[RECORDED INFORMATION — start]

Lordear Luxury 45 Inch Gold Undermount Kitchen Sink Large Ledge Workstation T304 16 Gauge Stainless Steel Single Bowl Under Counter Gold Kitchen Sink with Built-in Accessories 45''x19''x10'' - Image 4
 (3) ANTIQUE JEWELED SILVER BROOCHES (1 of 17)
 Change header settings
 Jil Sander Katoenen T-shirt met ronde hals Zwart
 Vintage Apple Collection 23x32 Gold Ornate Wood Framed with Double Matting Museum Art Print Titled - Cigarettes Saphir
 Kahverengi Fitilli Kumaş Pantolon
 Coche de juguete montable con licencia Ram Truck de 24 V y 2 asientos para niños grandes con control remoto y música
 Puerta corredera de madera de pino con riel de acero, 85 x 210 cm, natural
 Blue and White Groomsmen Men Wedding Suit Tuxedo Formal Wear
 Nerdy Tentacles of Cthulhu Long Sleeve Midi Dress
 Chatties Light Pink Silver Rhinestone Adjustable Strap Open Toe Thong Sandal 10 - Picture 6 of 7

[RECORDED INFORMATION — finish]

Set down nothing but the lines from the one containing "Coche de juguete" through the final line above, exactly as written.

SOLUTION TO THIS EXERCISE:
 Coche de juguete montable con licencia Ram Truck de 24 V y 2 asientos para niños grandes con control remoto y música
 Puerta corredera de madera de pino con riel de acero, 85 x 210 cm, natural
 Blue and White Groomsmen Men Wedding Suit Tuxedo Formal Wear
 Nerdy Tentacles of Cthulhu Long Sleeve Midi Dress
 Chatties Light Pink Silver Rhinestone Adjustable Strap Open Toe Thong Sandal 10 - Picture 6 of 7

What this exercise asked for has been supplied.